The British Antarctic Territory is planning to soon release a commemorative new 12-sided 1 pound coin to commemorate climate change. 2,750 pieces will be made in base-metal and 475 in precious metals. The coins will be produced by the Pobjoy Mint.





<k>

Is this the first non-UK coin to follow the example of the UK 12-sided bimetallic pound coin? Will it possess all of the patented 'secret' technology of the UK coin? If I put it in a vending machine in England, would the machine accept it?
Visit the website of The Royal Mint Museum.

See: The Royal Mint Museum.

eurocoin

Quote from: <k> on November 19, 2020, 05:22:34 PM
Is this the first non-UK coin to follow the example of the UK 12-sided bimetallic pound coin? Will it possess all of the patented 'secret' technology of the UK coin? If I put it in a vending machine in England, would the machine accept it?

It is indeed the first non-UK coin to follow the UK example of the 12-sided bimetallic pound coin. As we have seen earlier the Falkland Islands is also working hard on the introduction of their new 12-sided 1 pound coin, as is Gibraltar, but the one of the British Antarctic Territory is expected to be released first.

It is only the overt and covert security features of which can be seen on the images that they will be the same. Whether the forensic one, the luminescent particles, will also be included, I do not know. I do know that the Royal Mint provides the blanks to Pobjoy Mint. Whether these blanks have specifically been taken out of the normal production process before the step in which the particles are being added, I do not know.

As far as I know, no vending machines in the UK check the luminescent particles. From what I understand only coin sorting machines at the cash centres are able to check this security feature.

<k>

Visit the website of The Royal Mint Museum.

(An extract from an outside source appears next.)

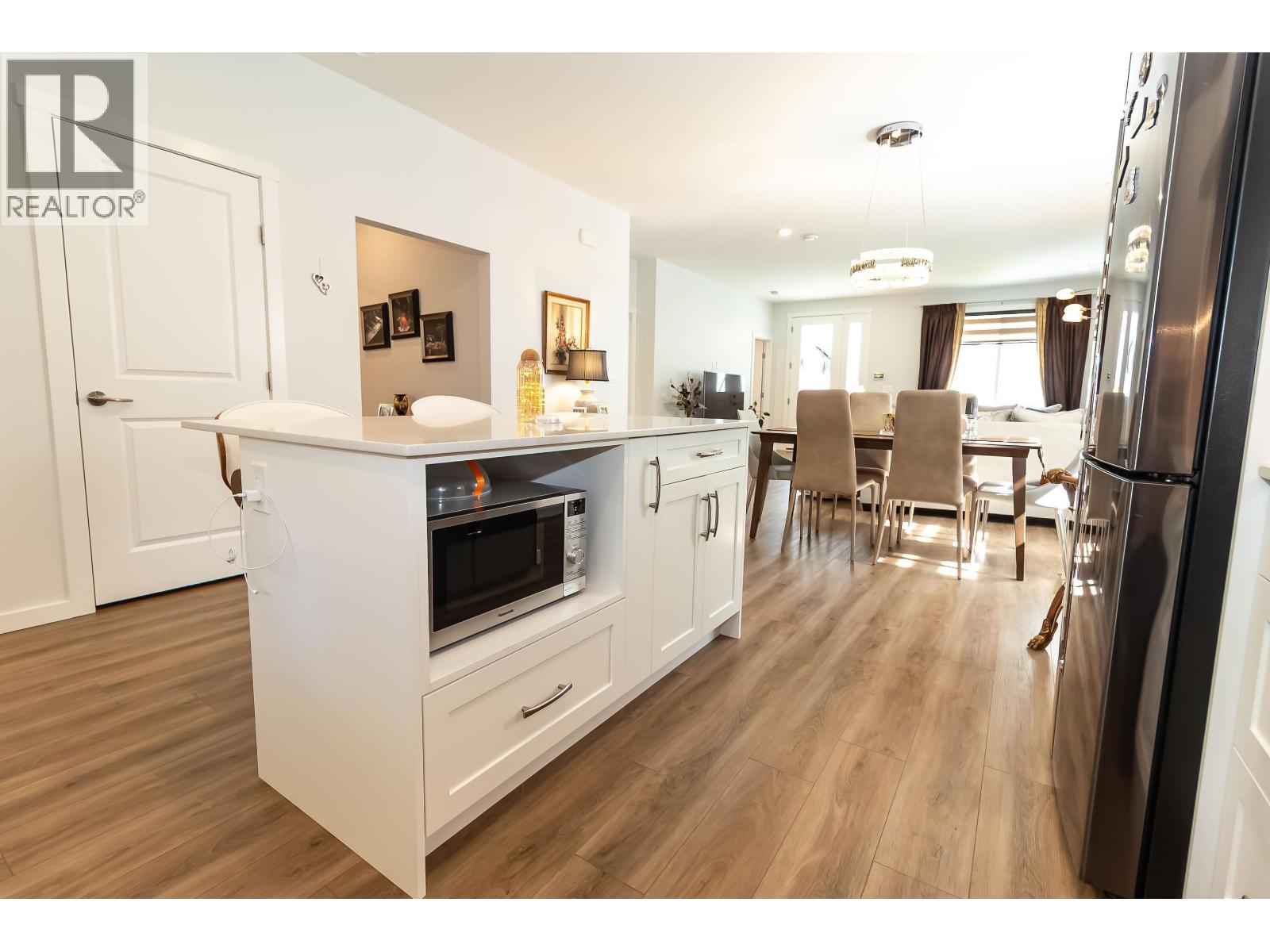 10 4921 HALLIWELL AVENUE, Terrace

See: The Royal Mint Museum.

Deeman

I enquired about the availability from Pobjoy mint and this is their reply:

"This coin was not supposed to be seen on the website and was not searchable nor was it in the catalogue as this was not for general purchase and this is why the product was at this price with no image. We are aware that a customer pressed reorder through their account which then took them to this page and then posted this online which is how this became such common knowledge."

Figleaf

You can't blame the customer if you haven't protected the page from access. I don't quite understand the wording of their reaction. Does it mean "only dealers can order"?

Peter
An unidentified coin is a piece of metal. An identified coin is a piece of history.

Deeman

With the design depicting an iceberg formed by breaking off from an ice shelf, an event happening with increased regularity, I found some interesting information on icebergs.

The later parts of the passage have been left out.